An Internet Course Manual

Gilbert A. Stelter
University of Guelph
Guelph, Ontario, Canada

1996
Available on the University of Guelph website:
http://www.uoguelph.ca/history/urban.html


Professor Gilbert Stelter and colleagues at the University of Guelph have designed this multimedia "Internet Course Manual" with resources on urban history, Canadian urban history, and the history of Guelph for students in the course "Reading a Community: Doing History at the Local Level."

When he announced the website to H-Urban in 1996, Professor Stelter described the course and the on-line materials in this way:

"Reading a Community" is a fourth-year research-oriented course introducing students to the general concepts of urban history and using these concepts in working on a local case study---that of Guelph, Ontario.
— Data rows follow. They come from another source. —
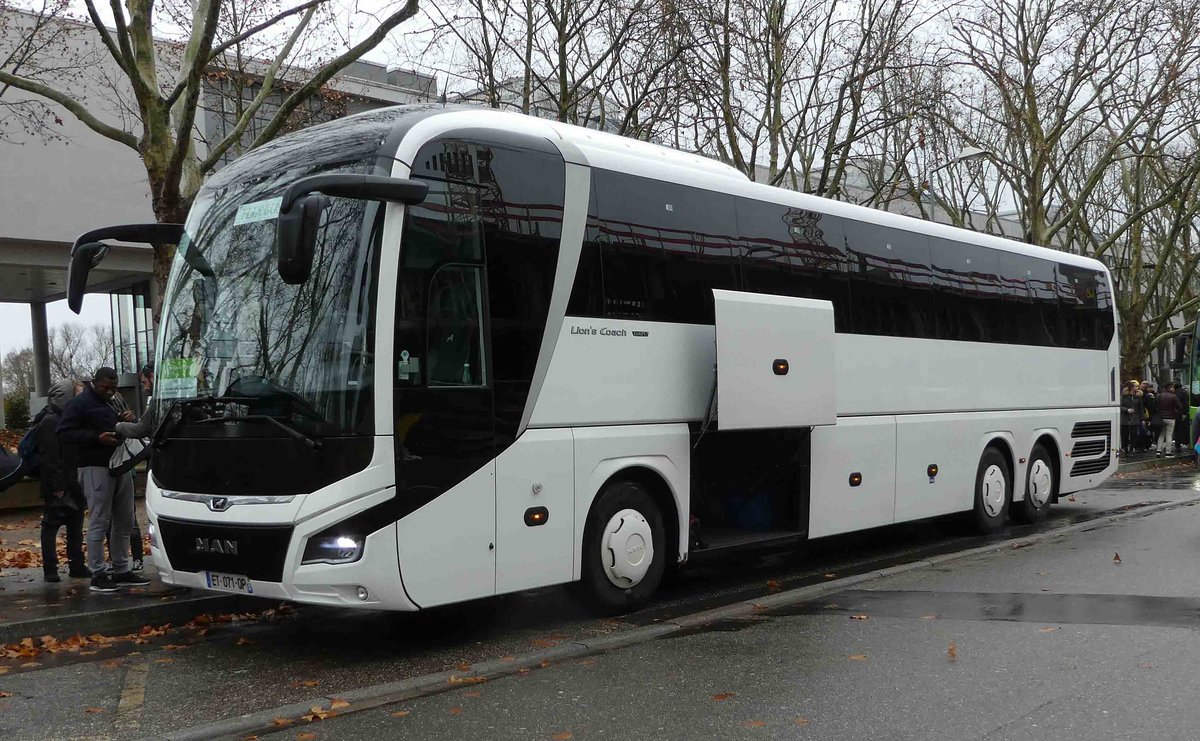 MAN Lion`s Coach im Auftrag von Flixbus wartet am HBF Karlsruhe auf Fahrgste, 12-2018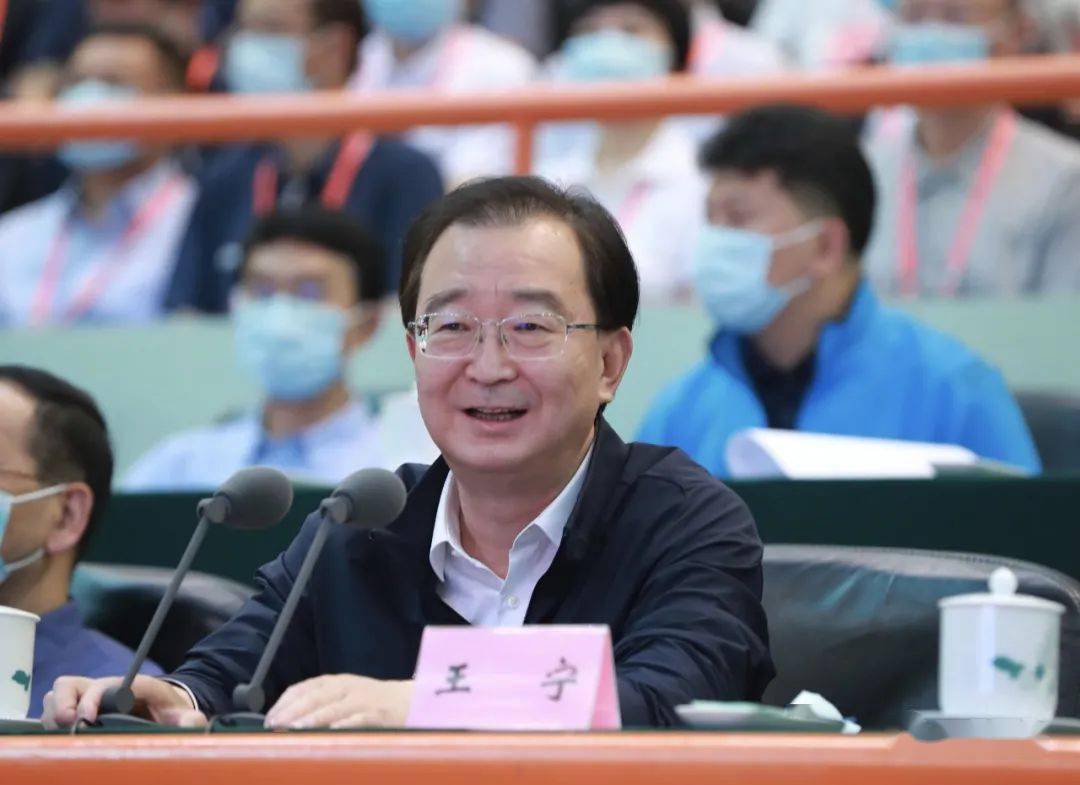 省委书记王宁宣布启动并讲话.省委副书记石玉钢致辞.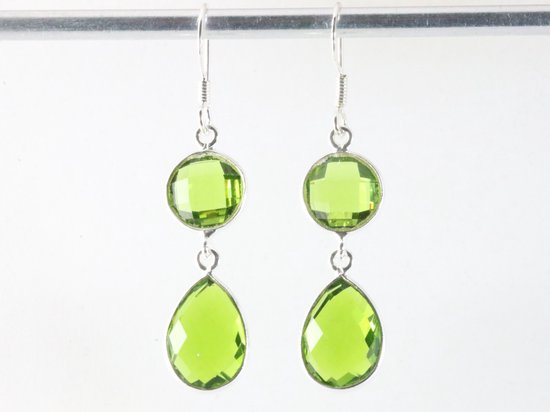 Zilveren oorbellen met peridoot afbeelding 4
This website is meant to augment the weekly meetings of the seminar group; it is not the course by itself. The course is now in progress at the University of Guelph.
The website is made up of three parts:
  • the course text, which is an illustrated manual of twelve weekly modules;
  • online resources, which include a 120-page international urban history bibliography, a number of previously published articles, and a database of building permits; and
  • web workshops, designed to introduce students to the technology used.
We are interested in responses to what we have done so far, both in terms of concepts and organization and in the use of the technology to augment an existing course offering. We intend to report on the results of the course in the spring.